A segunda incógnita é o que o MDM pensa sobre a Educação. Não concordando com o actual modelo promovido pela Frelimo que permitiu tornar muitos moçambicanos em cidadãos através da educação para todos, este partido diz que irá entregar parte das responsabilidades aos bancos privados, de modo a financiarem os estudos dos particulares. Ora, sabido que a banca moçambicana tem das mais elevadas taxas de juro no mundo, como tal será possível? As nossas universidades estão cheias de pessoas acima dos 35 anos, pelo que os bancos dificilmente poderão conceder créditos para essa finalidade. Mais uma vez, o MDM navega em pântanos, importando modelos desajustados com a realidade. Acima da afeição ou desafeição que acaso nos inspirem outros povos, e, por isso mesmo, muito acima das questões sentimentais suscitadas pelo desejo de «bem governar», aliás, de apaixonarem e dividirem os homens pacíficos, deveremos colocar sempre o interesse nacional baseado na realidade local. A própria desorientação absoluta em que vive o MDM, a respeito do dia de amanhã, recomenda que Moçambique e os moçambicanos imponham a si mesmos uma descrição de que, por certo, não poderá advir-lhes mal, nem terão que arrepender-se pelo que até aqui já foi feito em matéria da educação.
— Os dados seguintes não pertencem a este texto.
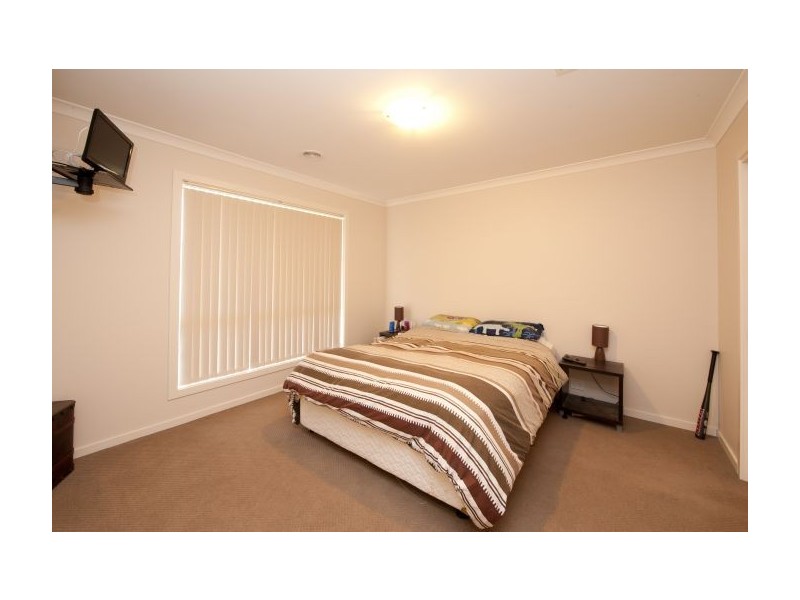 86 Royce Crescent, Lavington NSW 2641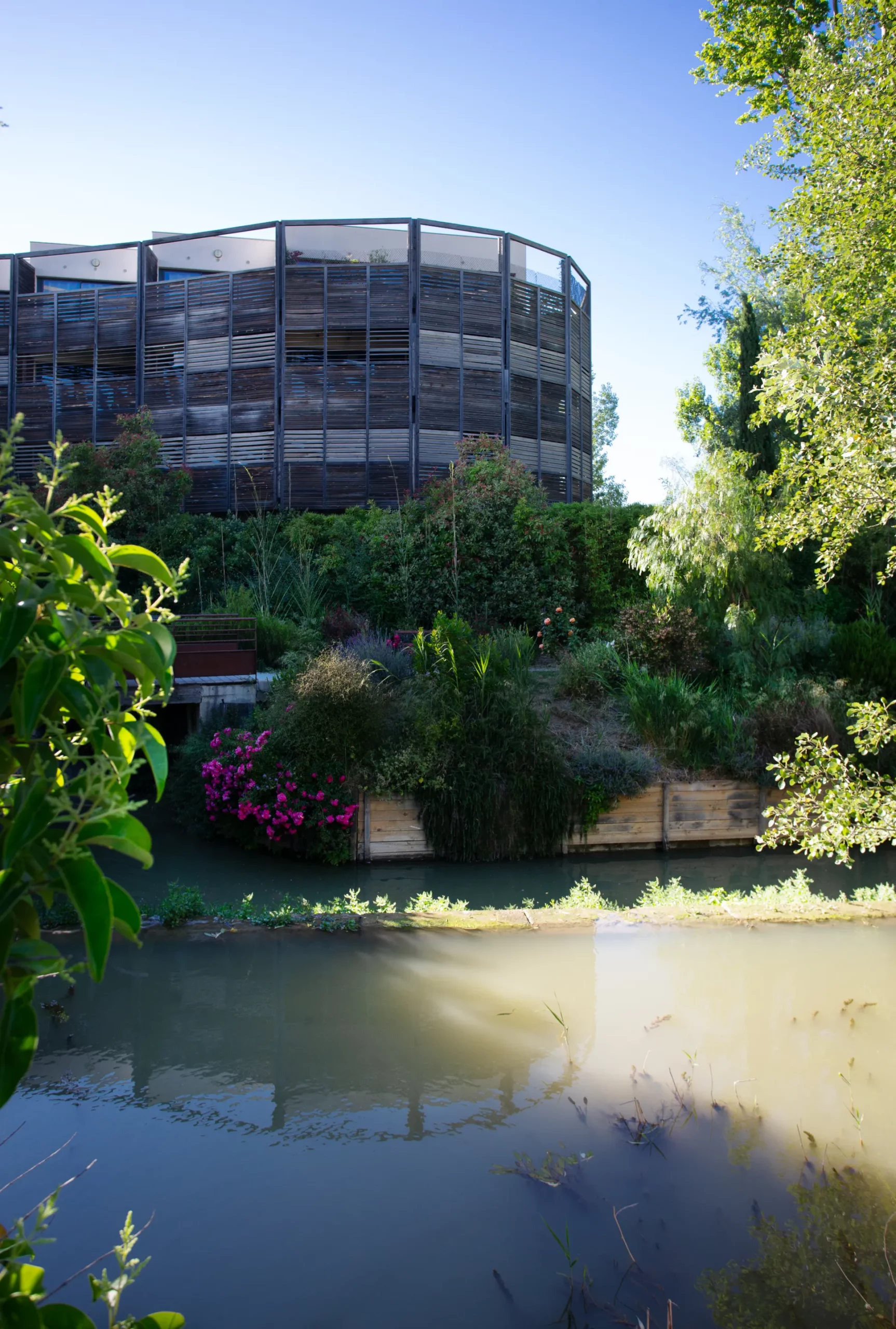 Île du Gua Suites - Résidence hôtelière à Narbonne au coeur d'un jardin Île du Gua Suites - Résidence hôtelière à Narbonne au coeur d'un jardin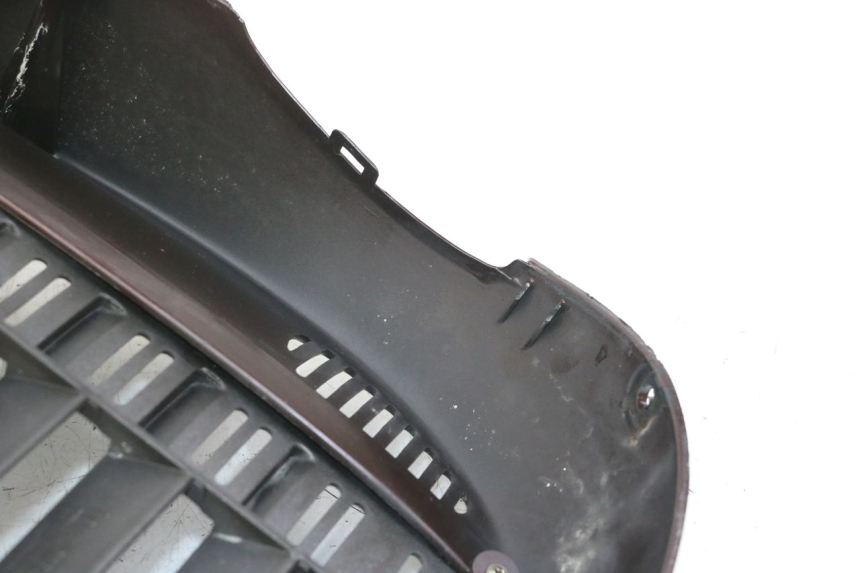 photo de SCUDO CARENA ANTERIORE APRILIA SCARABEO GT TOURING 125 (1999 - 2005) - Zoom sullo stato d'uso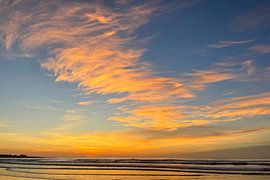 Farbspektakel im nassen Ufersand von Theodor Decker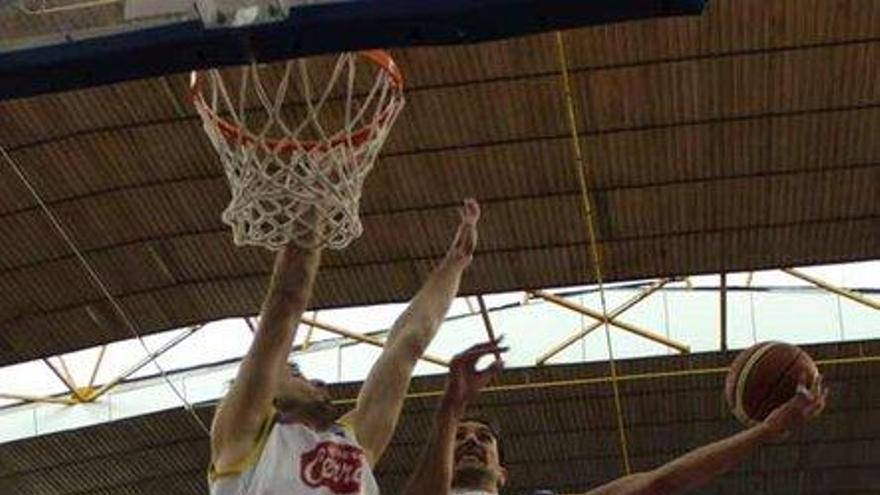 Víctor Pérez entra a canasta ante la oposición de Otegui.| oviedo baloncesto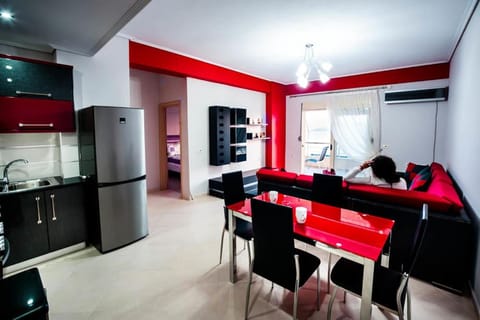 Kitchen or kitchenette, Living room, Seating area, City view, Sea view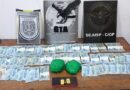 Mulher é presa com drogas, R$ 7 mil e barras de ouro avaliadas em mais de R$ 140 mil no Centro de Macapá Mulher é presa com drogas, R$ 7 mil e barras de ouro avaliadas em mais de R$ 140 mil no Centro de Macapá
Tem-se visto que pessoas preparadas dentro deste sistema de ensino questionam com argumentos sólidos a qualidade de ensino em que se formaram. Caso para perguntar, de onde vêm as suas sábias interpretações da má qualidade do ensino se elas reconhecem-se bem formadas? Este não é problema do regime, mas da sociedade como um todo.
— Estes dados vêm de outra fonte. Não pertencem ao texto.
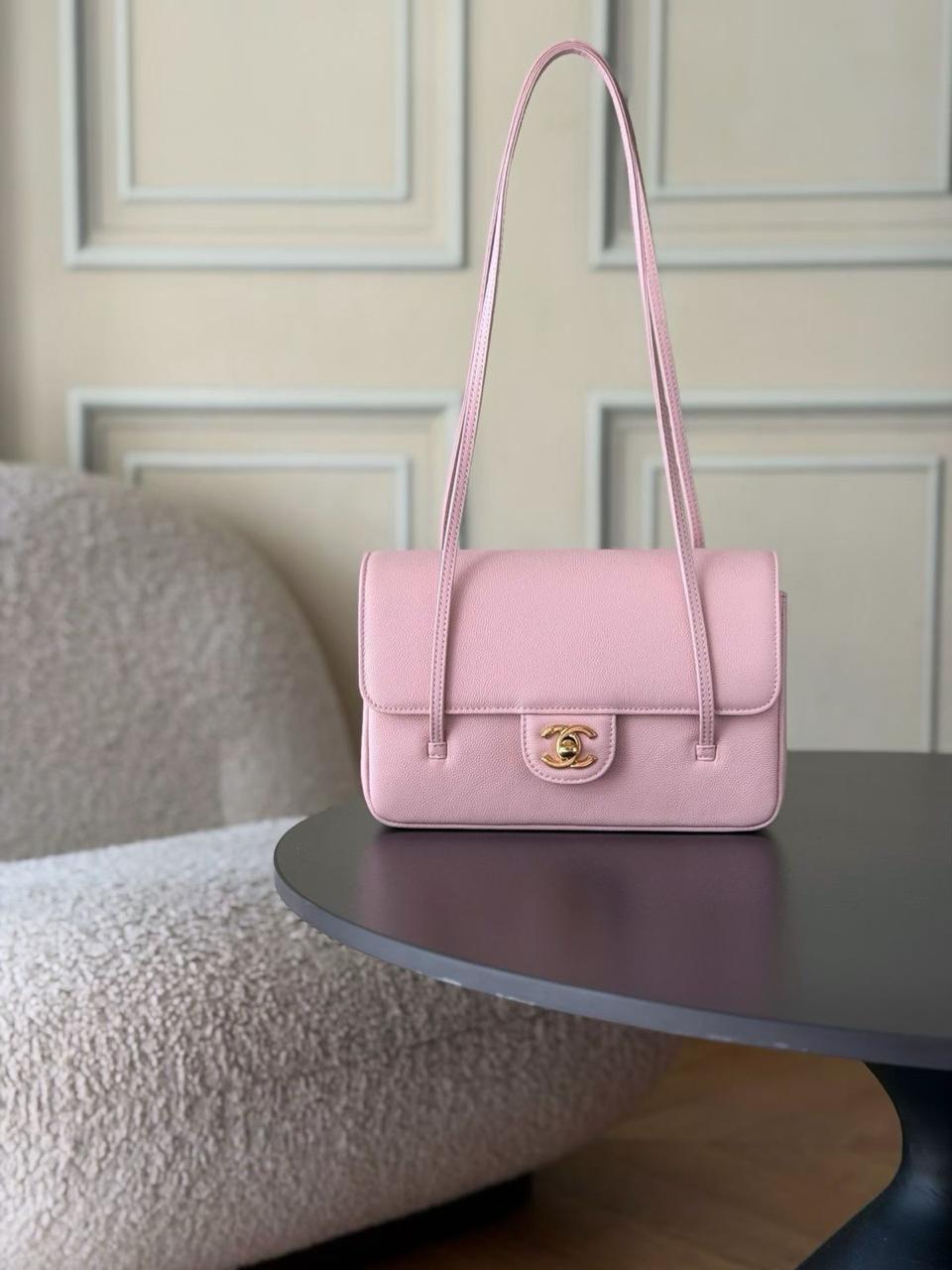 Ladies Chanel bags Lilly Onlines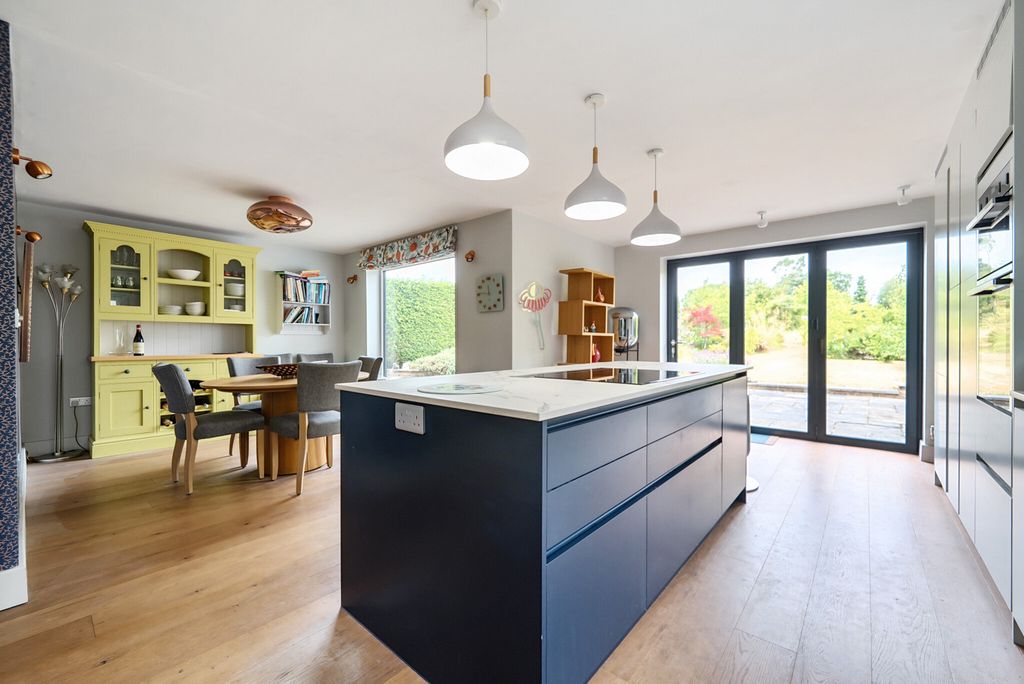 Property photo 2 of 26 1324403-22-68763A...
A propósito, e como ponto final nestas considerações, diremos ainda que continua a parecer-nos difícil sustentar-se à luz dos factos, vistos com exactidão, uma educação com qualidade quando a quantidade dos que a necessitam ultrapassa grandemente os meros desejos dos políticos «que pensam nas eleições». Há combinações secretas que mais duma vez tendem a cair sobre Moçambique e representam ameaça de desrespeito pela nossa soberania e é conveniente não se esquecer que foram, sobretudo, o servilismo cego e má cabeça que o tornou possível e lhe deu alento, a causa do nosso atraso. Não regressemos nunca ao servilismo desastroso que, por muito tempo, motivou que o nosso país fosse objecto de negociações secretas nem reincidamos nas manifestações de má cabeça que em alguns passos da História nos trouxeram amarguras e vicissitudes, e poderemos, assim, confiar em que, terminado o período eleitoral, a nossa escolha não venha a criar-nos dissabores nem arrependimentos. Disse!